Yasmine, a Lebanese stall at Union Market, has cracked the code for good fun: kebabs and cocktails. The smell from the grill at this Lebanese shop wafts through the air at food hall so much so that you can’t help but follow the scent. Once there, you’ll find a fast-casual restaurant behind a wooden bar occupied by businessmen still in their suits and couples grabbing a quick bite. The shish taouk is superb. The simple but classic wrap is made with charred chicken, french fries, pickles, and garlic. It’s the perfect sandwich on the go and something you’ll find yourself unconsciously craving days later. Pair it with the apricot sour which flawlessly balances savory and sweet for a flawless meal.
George’s sells some of the best shawarma in DC, which explains why there’s always a line to the door. Thankfully, the service here is fast and the Georgetown spot is larger than it looks. Grab your meal at the downstairs counter, then head up the narrow staircase to find the seating area if you’re too impatient to take your food to go. The lamb and chicken shawarma platters, served on a heap of rice alongside fresh pickled radishes, cucumbers, and tomatoes, are worth every penny (in this case, $15).
This Turkish restaurant in Mt. Vernon Triangle is the Mediterranean brunch spot. Everything is bottomless for two hours, from the small plates to the beverages, for $45. Grab a seat in the sunshine near the floor-to-ceiling windows and order mimosas for the table—our favorites, because they’re light on the juice and heavy on the sparkling wine. The bottomless drinks here also include bloody marys and tea, a great option for anyone not drinking alcohol. It can get pretty packed here, so we recommend booking a reservation ahead of time. There’s a two-hour time limit, but they usually don’t press you about it.

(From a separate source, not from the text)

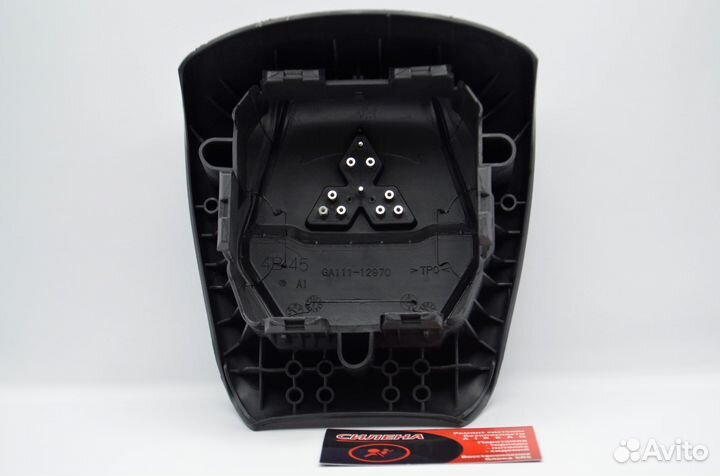 Рулевая накладка Mitsubishi L200 5 (2021)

This fast-casual restaurant in Dupont Circle serves some of the best Greek food in the city and although most customers take their food to go, the dining room at Souvlaki is incredibly charming. There are wooden benches and tables, framed photos of villas in Greece, and an outdoor patio for days when it gets warm and all you want to do is cradle a pita wrap and fries (just us?). Their baklava—super sweet and flaky—is the best of the best.